### What the exercise asks
Could you return each line from the one bearing "Appartement De Charme" through the last line of the entries, exactly as it stands, with no pictures?

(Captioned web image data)
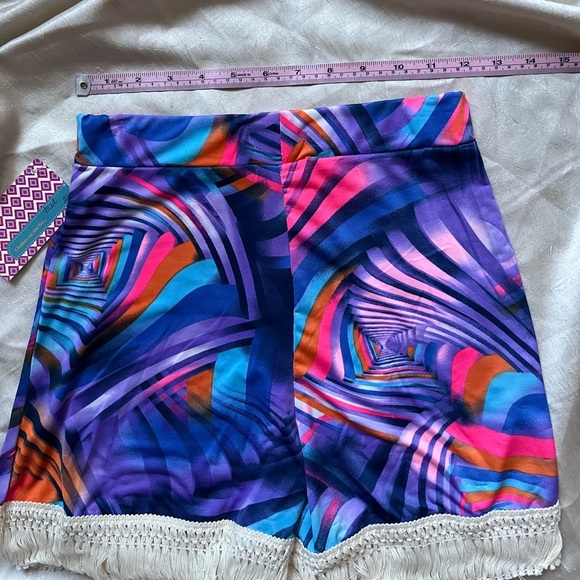 Lady’s World - High Waist Women's Shorts with Fringe - Picture 4 of 7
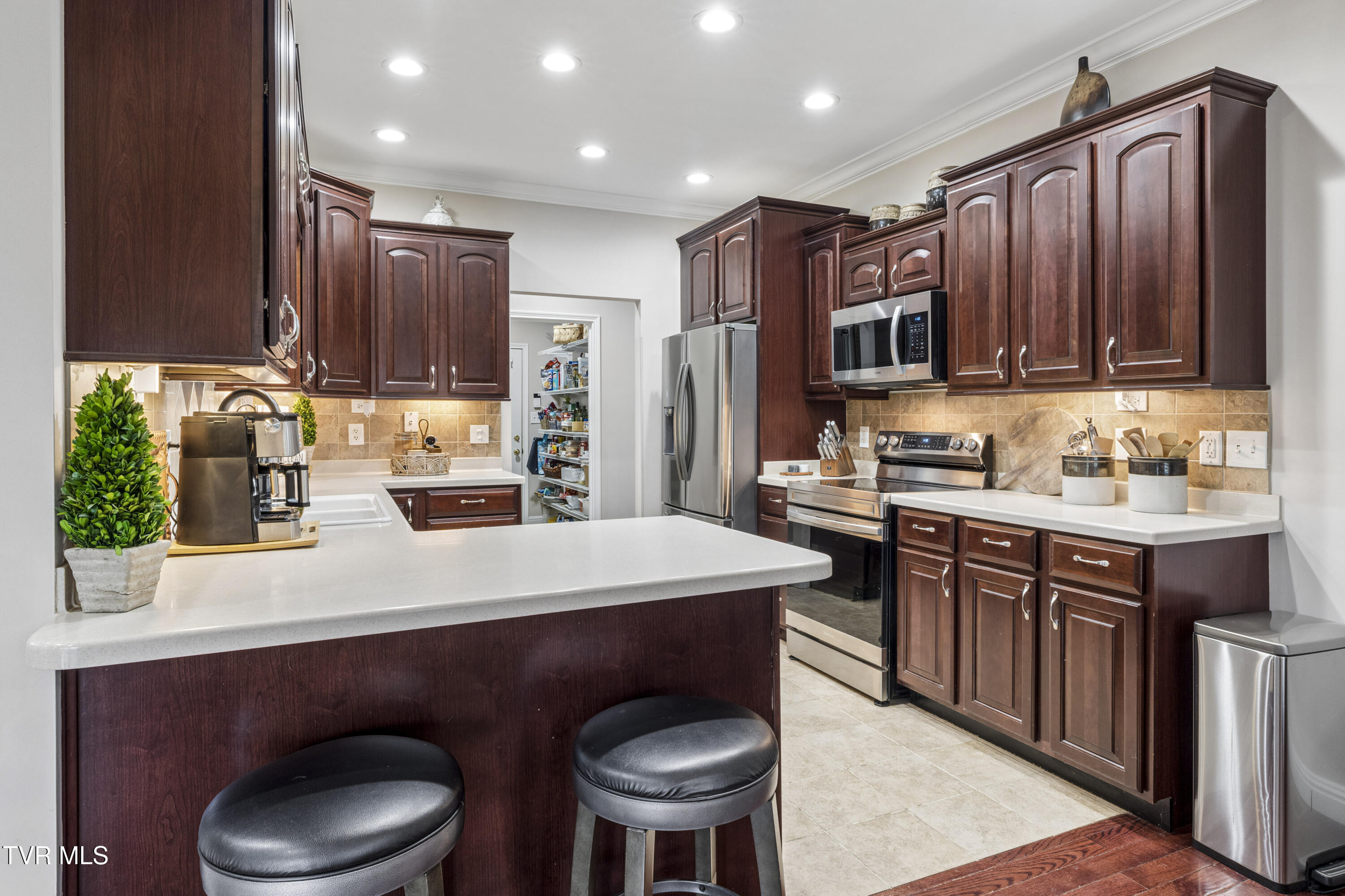 13 East Ridgefield Court Greeneville, TN 37745 - Photo 21 of 73 EeastFRidgefield-11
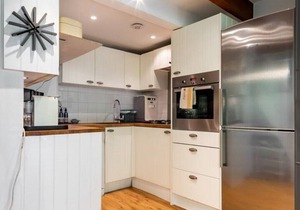 Stylish, spacious, light garden flat nr Highgate tube, village, Hampstead Heath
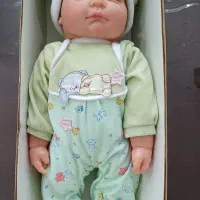 عروسک نوزاد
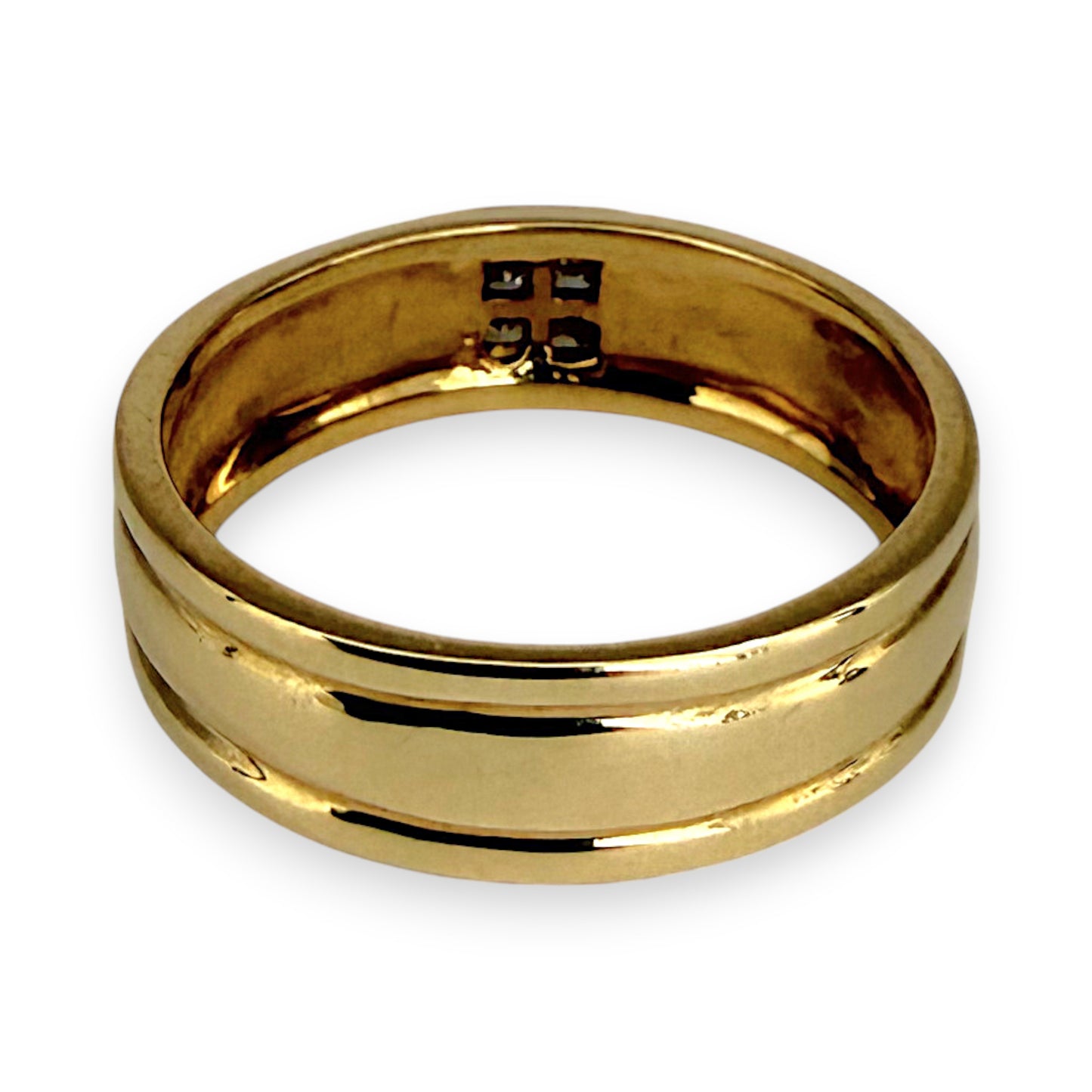 NZGD | 9ct Gold Diamond Crest Band Ring Size P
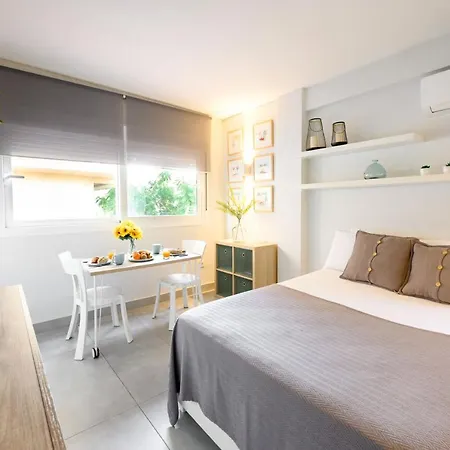 Studio, Center By 10tosea Apartmán *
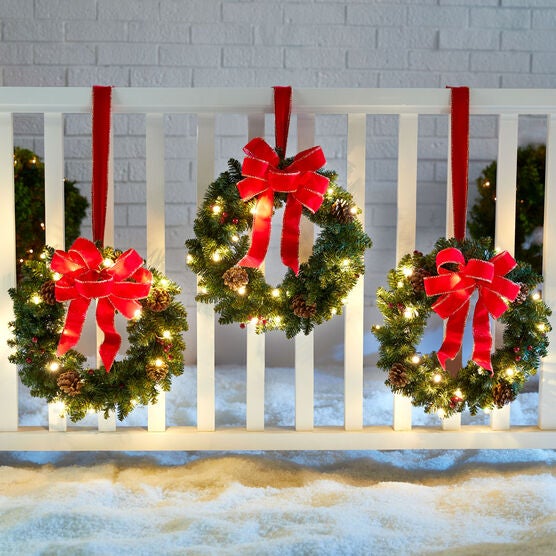 Set Of 3 Cordless Pre Lit Mini Christmas Wreaths Christmas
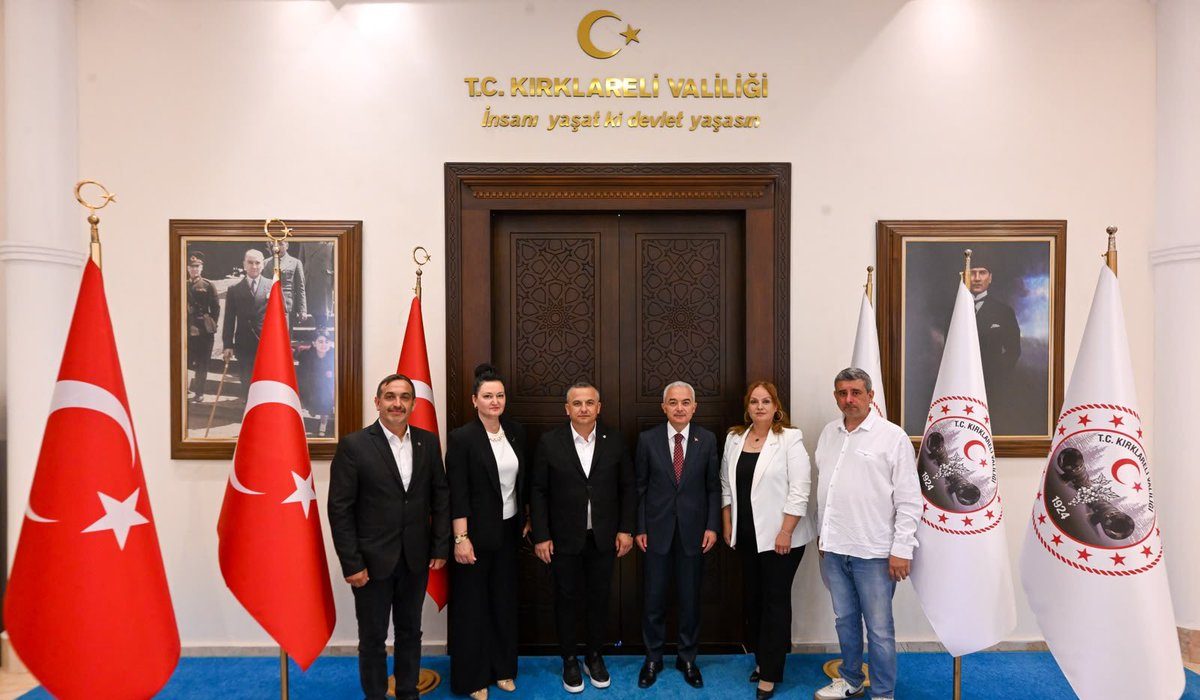 Vali Turan’dan Hak-İş’e sendikal destek
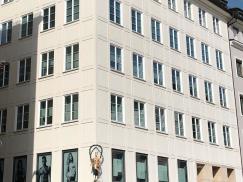 PaXretro78 aus Eukalyptus für Stadthaus in München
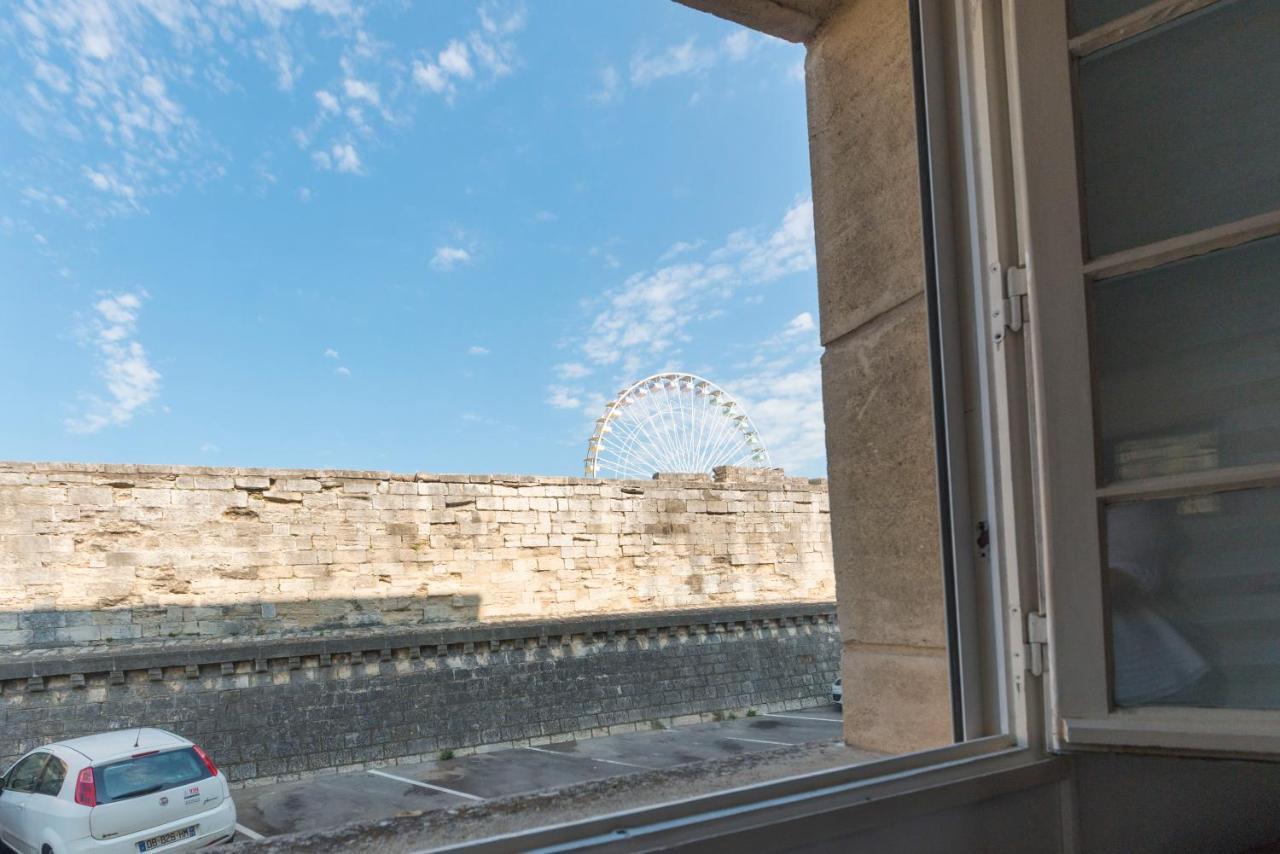 Appartement De Charme - Vue Sur Remparts - Wifi Gratuit - Parking Payant A Proximite Avignon Exterior photo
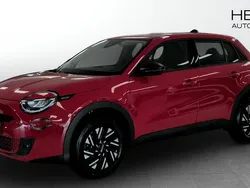 Röd (red) Ny 2025 Fiat 600 Lounge SUV | 305 800 kr (Marknadspris)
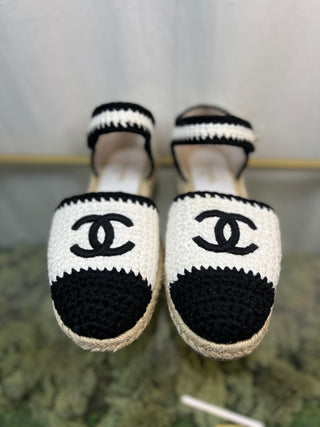 CHANEL Braided Crochet Black-White Embroidery Espadrilles SZ 40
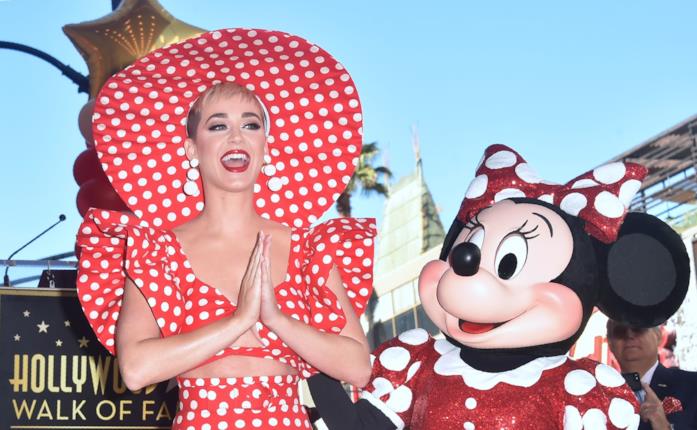 Katy Perry e Minnie Mouse Katy Perry e Minnie Mouse sulla Walk of Fame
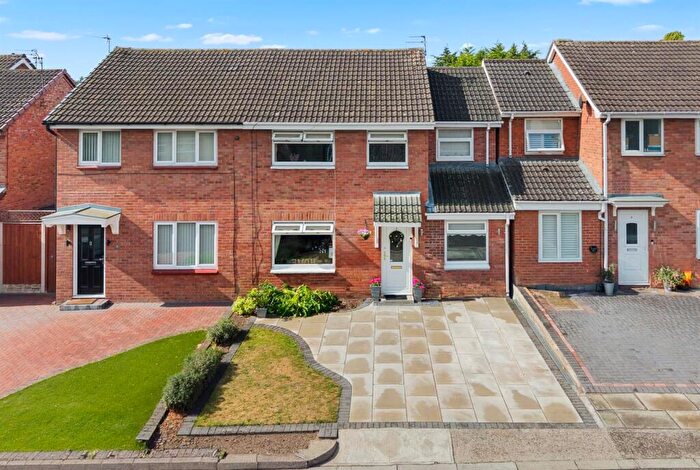 4 Bedroom Semi Detached House For Sale In Brierley Close, Netherton, Bootle, L30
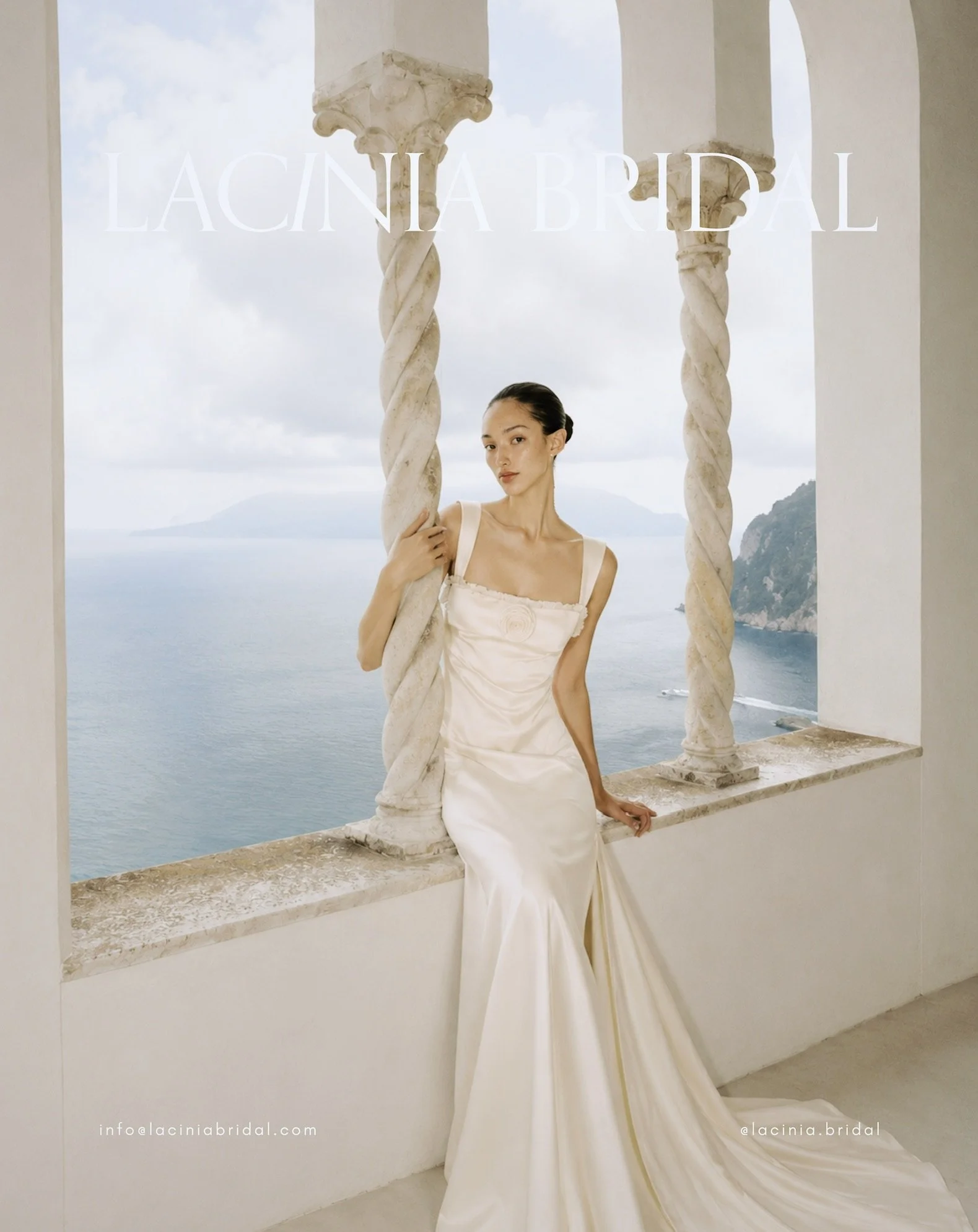 ROSA GOWN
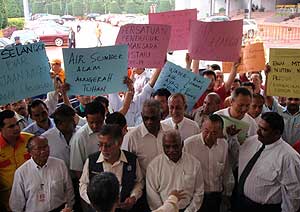 ngos submit memo to selangor gorvernment 110309 01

### Response
 Appartement De Charme - Vue Sur Remparts - Wifi Gratuit - Parking Payant A Proximite Avignon Exterior photo
 Röd (red) Ny 2025 Fiat 600 Lounge SUV | 305 800 kr (Marknadspris)
 CHANEL Braided Crochet Black-White Embroidery Espadrilles SZ 40
 Katy Perry e Minnie Mouse Katy Perry e Minnie Mouse sulla Walk of Fame
 4 Bedroom Semi Detached House For Sale In Brierley Close, Netherton, Bootle, L30
 ROSA GOWN
 ngos submit memo to selangor gorvernment 110309 01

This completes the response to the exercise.